Events in the Western Balkans twice cast a long shadow across Europe in the past century — first in 1914 and then in the 1990s. Both times, the forces unleashed by the carnage could not be contained within the existing international order. And in both instances, proffered solutions failed to resolve the underlying tensions that brought about the conflicts in the first place.
Located at the midpoint between Berlin and Istanbul, the Western Balkans is the most direct physical link between Europe and the Middle East. We were reminded of its strategic importance during the recent European refugee crisis, when the region served as the main land route for millions of migrants fleeing violence in Syria and Iraq. If we look at the political map of Europe, we see that the Western Balkans — notwithstanding its strategic location — remains outside the European Union. Some refer to it as the black hole of Europe.
Engulfed by a plethora of challenges, the European Union has clearly relegated the integration of the Western Balkans to the back burner.
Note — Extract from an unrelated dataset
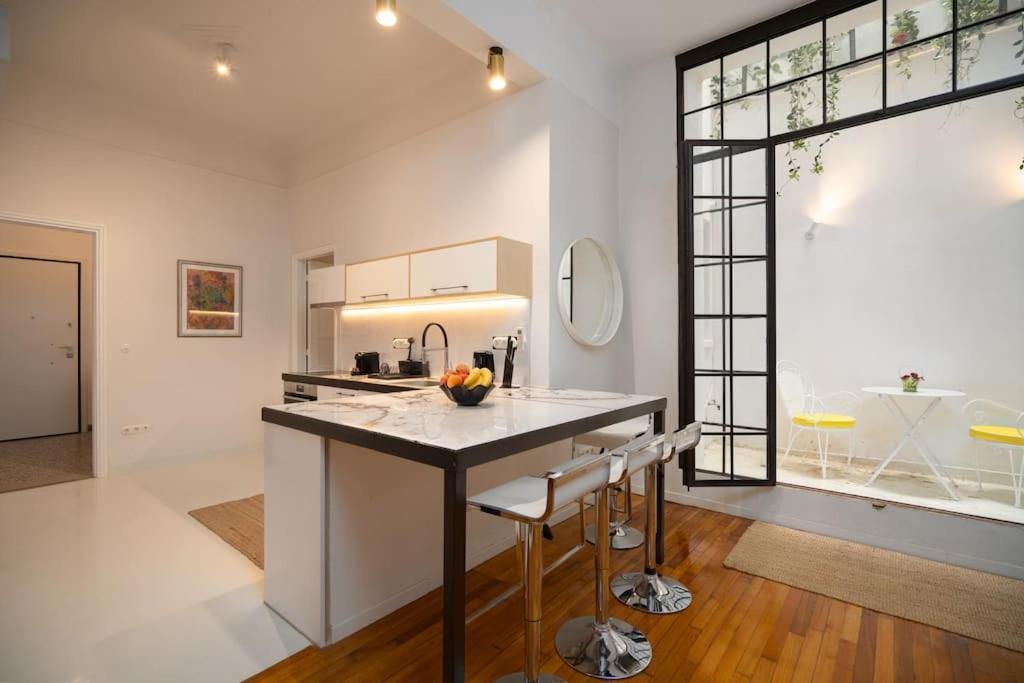 Ebullience - Stylish & Chic Athens Apartment ภายนอก รูปภาพ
This is one of the most shortsighted strategic decisions made by this generation of E.U. leaders.
The region’s increasingly distant European perspective has eased the way for local autocrats to seize power through populist rhetoric, dismantling the achievements of nascent liberal democracies. Consider Serbia’s new president, Aleksandar Vucic, who served under Slobodan Milosevic as information minister in the 1990s.
He seems to have reached a tacit agreement with various Western decision-makers: In exchange for appearing to maintain stability, Vucic was de facto given free rein to suppress fundamental rights and freedoms. As a consequence, the divide separating Serbia from the E.U. has further deepened. Yet both sides seem content with maintaining the illusion that accession negotiations remain steadily on track, even though there is no end in sight.
Such trade-offs are not only morally questionable; they are also contrary to the strategic interests of the region and the whole of Europe. Under Vucic’s increasingly iron-fisted, despotic rule, Serbia has experienced rigged elections, seen opposition leaders slanderously vilified without consequence and witnessed media outlets surrender their objectivity and independence to autocratic demands of fealty and subservience. This is hardly surprising, given that such methods were widely used the last time Vucic was in power, in the 1990s. Meanwhile, foreign investment levels are falling. Corrupt and incompetent cronies have taken over all positions of significance. And record numbers of young and educated people are leaving the country.
The situation is not much better in other countries, such as Macedonia, Montenegro, and Bosnia and Herzegovina, where there have been massive street demonstrations, often violent, over the past few years. One also hears again calls for the creation of a Greater Albania, which presupposes forcible changes in borders — something that is hardly imaginable without triggering serious tumults.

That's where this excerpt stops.